→ Exercise prompt: Given the material below, return only the lines starting at the line with "To review: distance" and ending at the line with "Click on mine, click", exactly as they appear.

→ Supplied data:

--------------------------------------------------

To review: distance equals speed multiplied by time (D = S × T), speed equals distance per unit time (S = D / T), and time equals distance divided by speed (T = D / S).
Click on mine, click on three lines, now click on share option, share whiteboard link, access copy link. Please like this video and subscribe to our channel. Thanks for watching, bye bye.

--------------------------------------------------

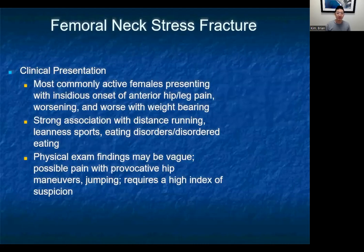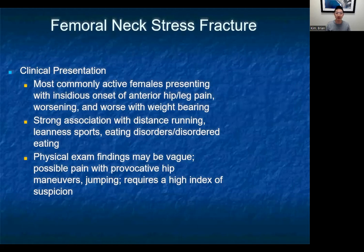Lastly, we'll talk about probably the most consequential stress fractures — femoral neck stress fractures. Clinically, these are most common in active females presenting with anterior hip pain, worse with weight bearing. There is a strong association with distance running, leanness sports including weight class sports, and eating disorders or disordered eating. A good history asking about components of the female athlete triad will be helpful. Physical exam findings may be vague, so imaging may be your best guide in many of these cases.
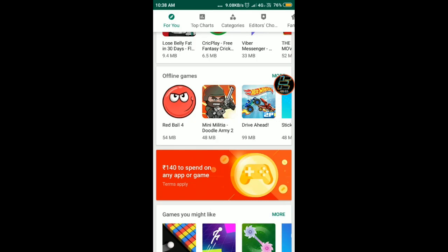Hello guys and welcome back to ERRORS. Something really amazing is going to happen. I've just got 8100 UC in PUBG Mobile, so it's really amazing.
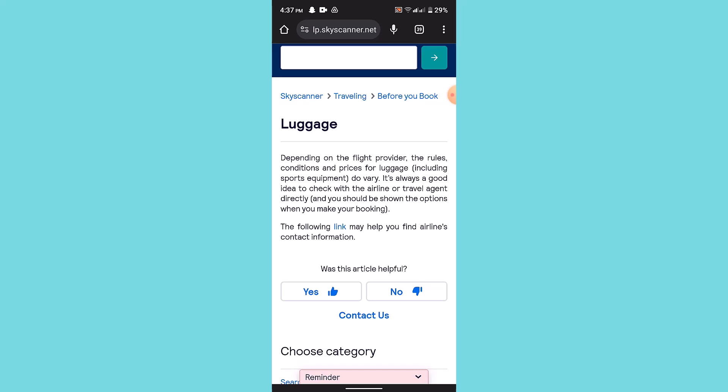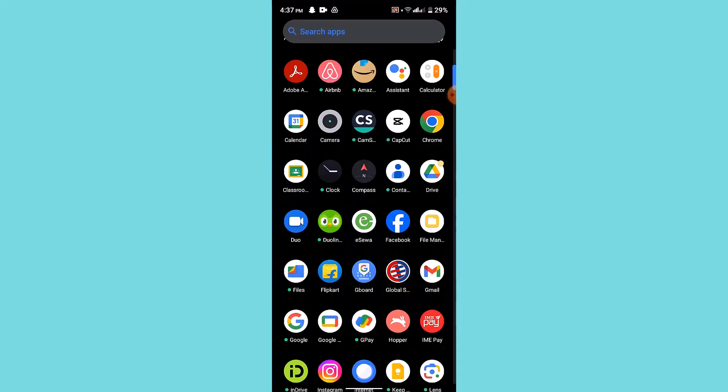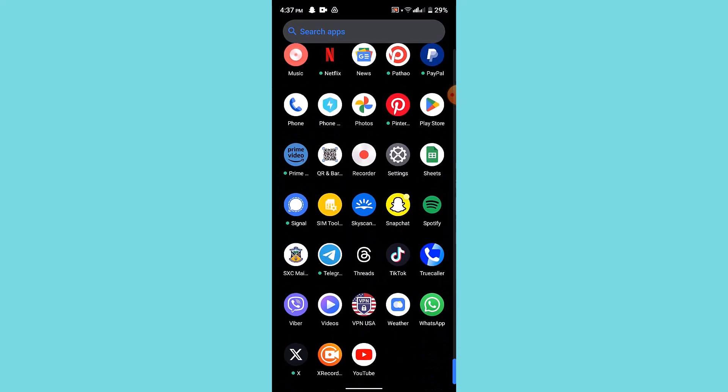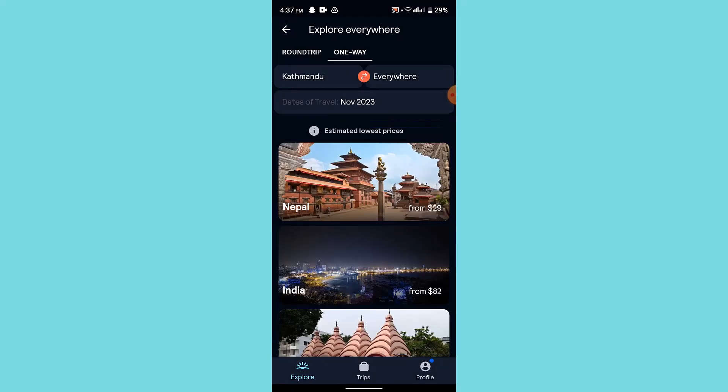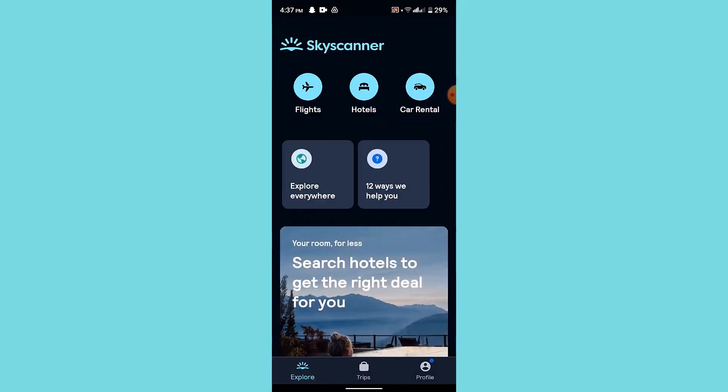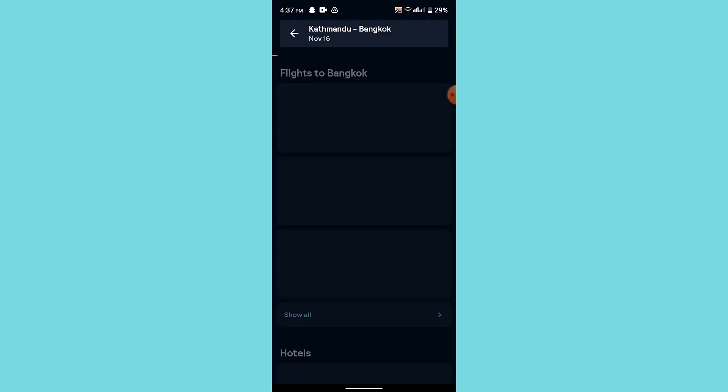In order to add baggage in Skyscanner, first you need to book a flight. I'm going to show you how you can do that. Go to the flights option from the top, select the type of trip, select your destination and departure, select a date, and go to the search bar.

--------------------------------------------------

→ Worked solution:
To review: distance equals speed multiplied by time (D = S × T), speed equals distance per unit time (S = D / T), and time equals distance divided by speed (T = D / S).
Click on mine, click on three lines, now click on share option, share whiteboard link, access copy link. Please like this video and subscribe to our channel. Thanks for watching, bye bye.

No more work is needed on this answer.